I don't know if this necessarily applies because I ride duck and can't get into that compressed position. I bend my ankles and drive my shins into my boot tongue while my torso stays straight., It naturally bends my knees like I'm doing the PeeWee Herman dance. Puts a good amount of extra force/lean into the toeside carve. I also got 9/10 stiffness boots so that makes it easier.


----------



## num (12 mo ago)

freshy said:


> I don't know if this necessarily applies because I ride duck and can't get into that compressed position. I bend my ankles and drive my shins into my boot tongue while my torso stays straight., It naturally bends my knees like I'm doing the PeeWee Herman dance. Puts a good amount of extra force/lean into the toeside carve. I also got 9/10 stiffness boots so that makes it easier.


yeah that's how I learned how to ride too, with a slightly forward duck - (18,-12). I got pretty solid at carving this way but I tried to go double forward at the end of this season so that I could really focus on carving and getting deep and fast but it was kind of a mess - my toeside got pretty sloppy. Heelside makes perfect sense and feels natural - I could get more angle without hanging my ass as far over the board. 

I found on toeside my backfoot was overworked and my rear ankle got kind of shot. Maybe I need to make a conscious effort to square up my shoulder on toeside since the +/+ posture rotates my body open by default, or maybe I need to embrace the more open posture and just hinge at the hips to get low and create additional suspension. Maybe a bit of both. I want to experiment but alas, end of the season!


----------



## num (12 mo ago)

Scalpelman said:


> Yeah sometimes I get too stretched out on toeside. If that happens then you really can’t react to changes in terrain. He’s pushing his hips forward on toeside while staying compact to react to bumps etc. good video.
> 
> 
> Sent from my iPhone using Tapatalk


definitely part of my problem I'm realizing, I think I ran too far with the "hips forward" I was told when learning. I guess hips should be more forward then heelside but not so over extended that you become a rigid body from the knees up.

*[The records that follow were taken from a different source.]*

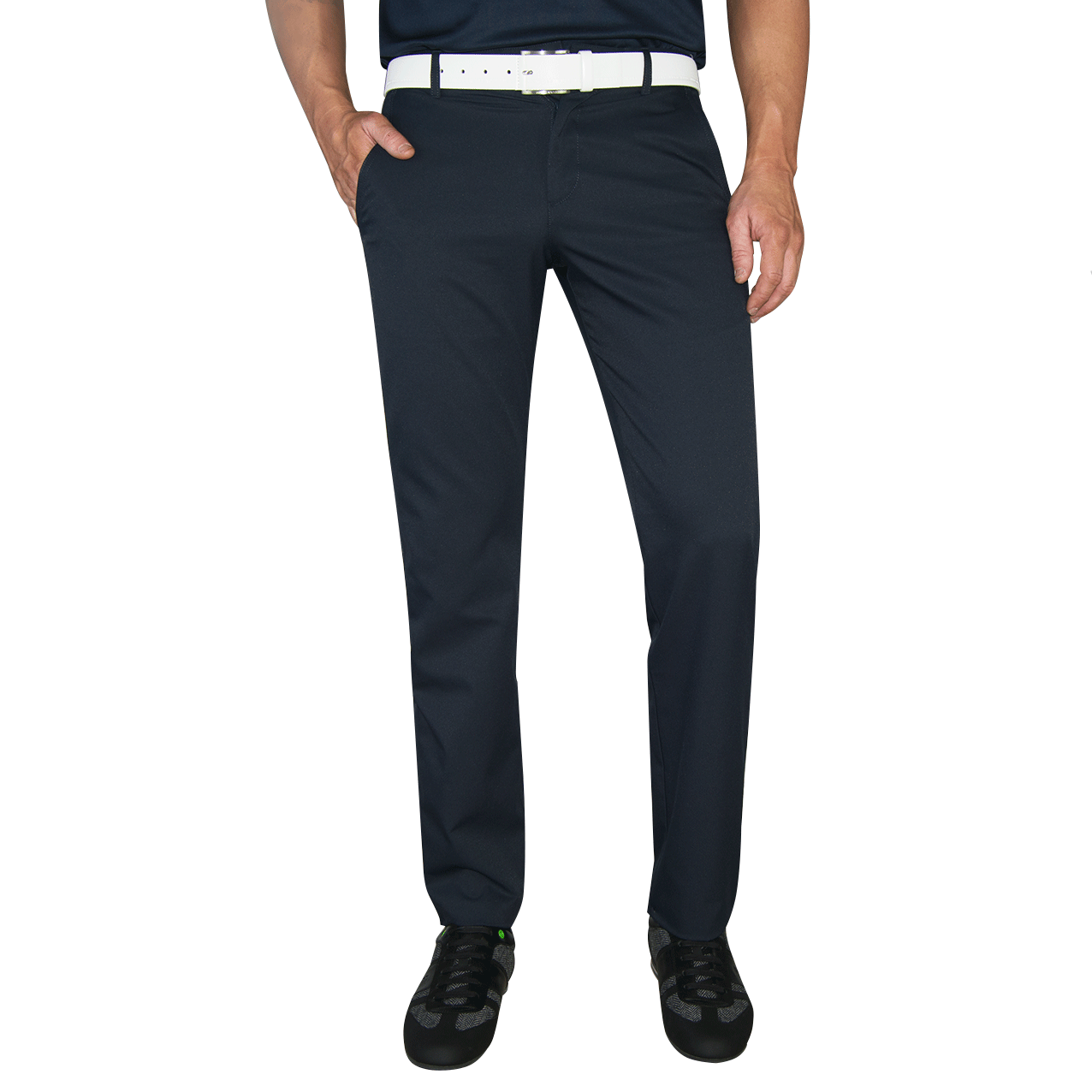 Hugo Boss Green Hakan 9 Golf Pants Navy just 210.00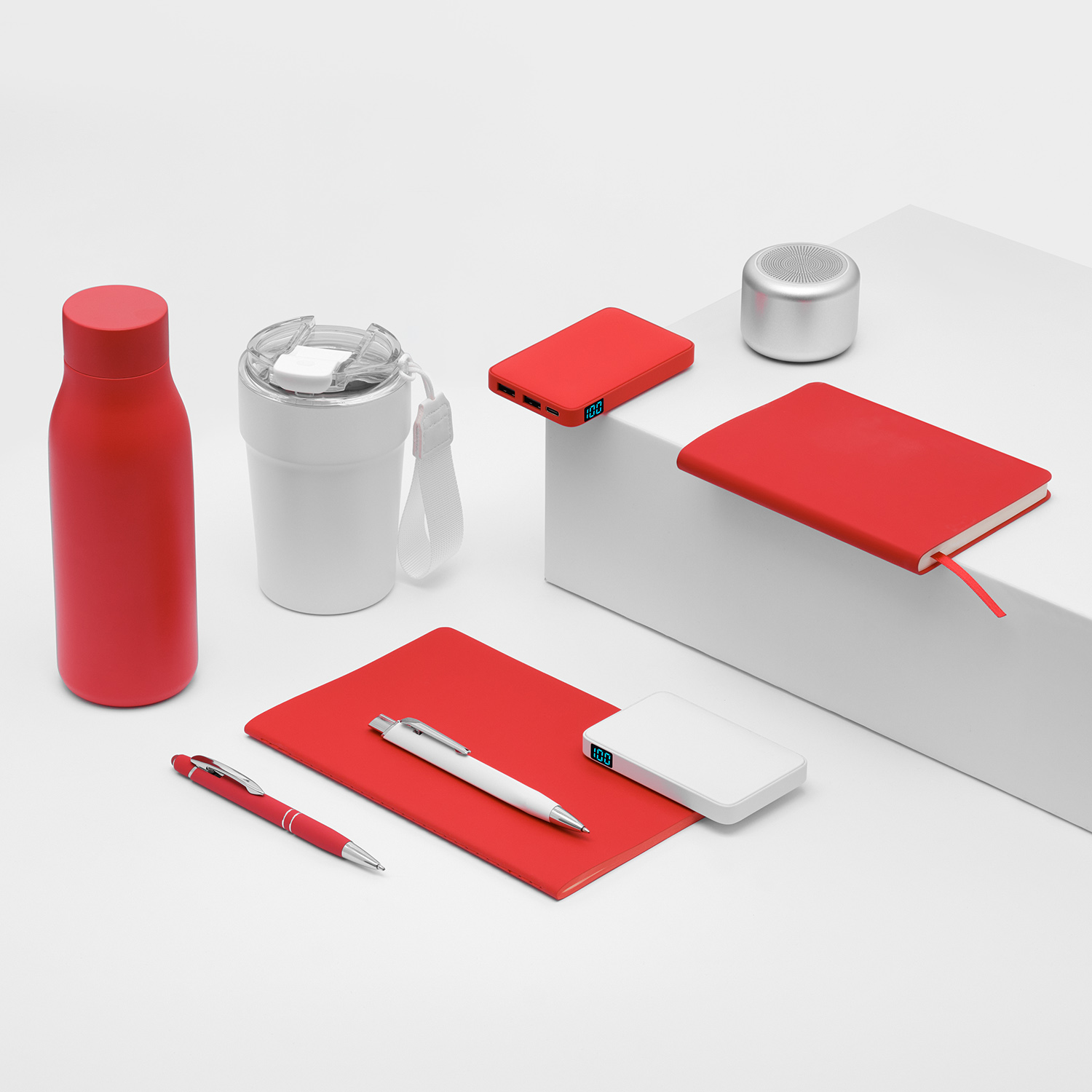 Ежедневник Спарк мини (Spark mini) A6 недатированный, красный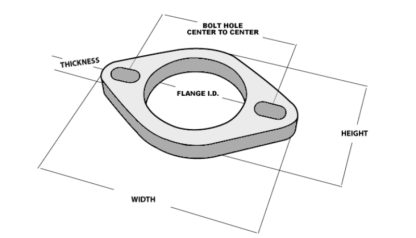 Vibrant 2-Bolt T304 SS Exhaust Flange (2.25in I.D.) - Image 3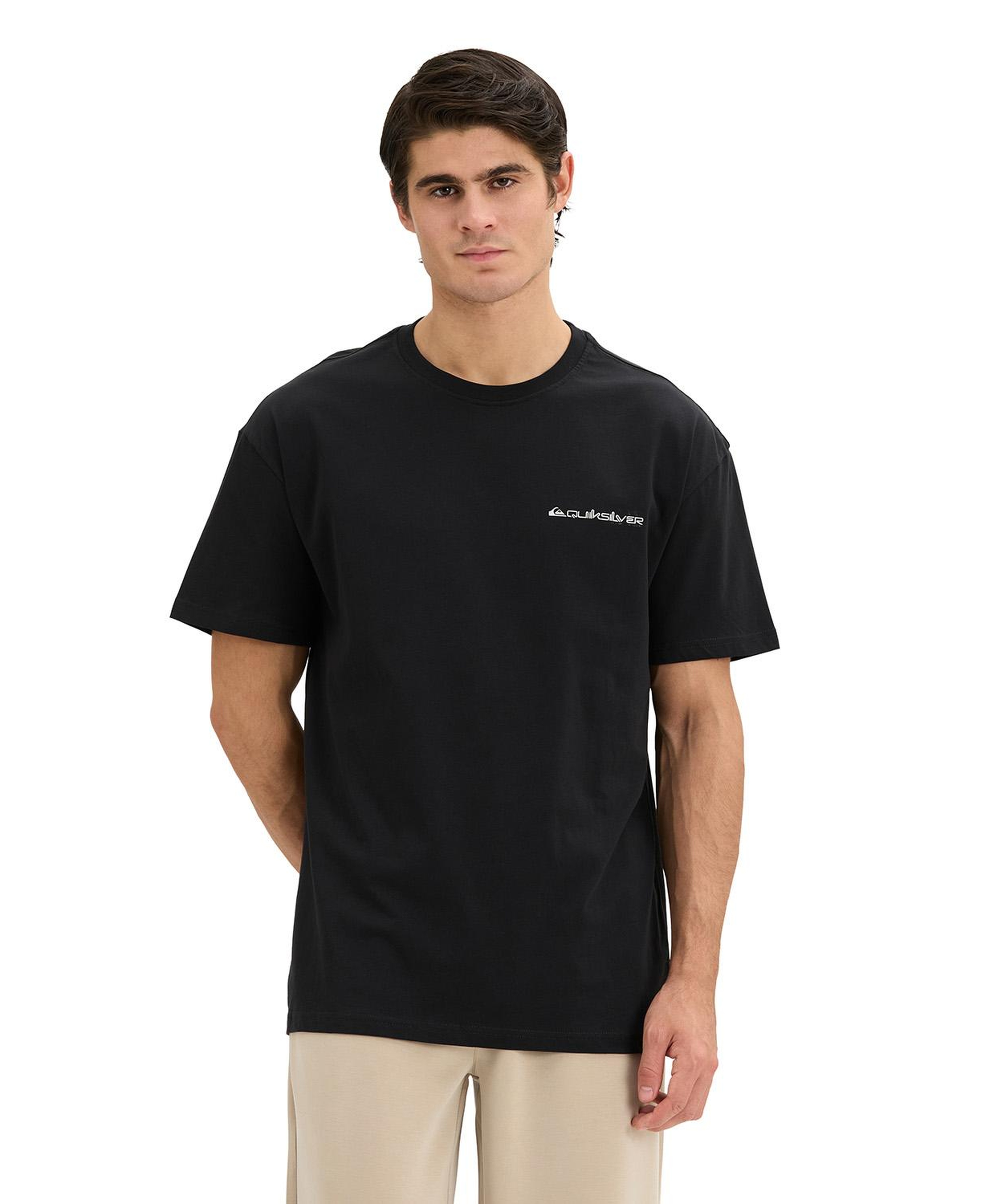 Quıksılver Touchdown Tee Erkek Siyah T-Shirt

I might try and replicate the form in that video next season, just to see if it feels good for me. my rear ankle is a little crappy compared to my front one so I want to make sure my front foot is working to lighten the load on my toeside. When I experimented with +/+ last season I found my rear foot was going way too deep into dorsiflexion when going over bumps; did not feel good.


----------



## BoardieK (Dec 21, 2015)

num said:


> ...... but it was kind of a mess - my toeside got pretty sloppy. ......
> I found on toeside my backfoot was overworked and my rear ankle got kind of shot.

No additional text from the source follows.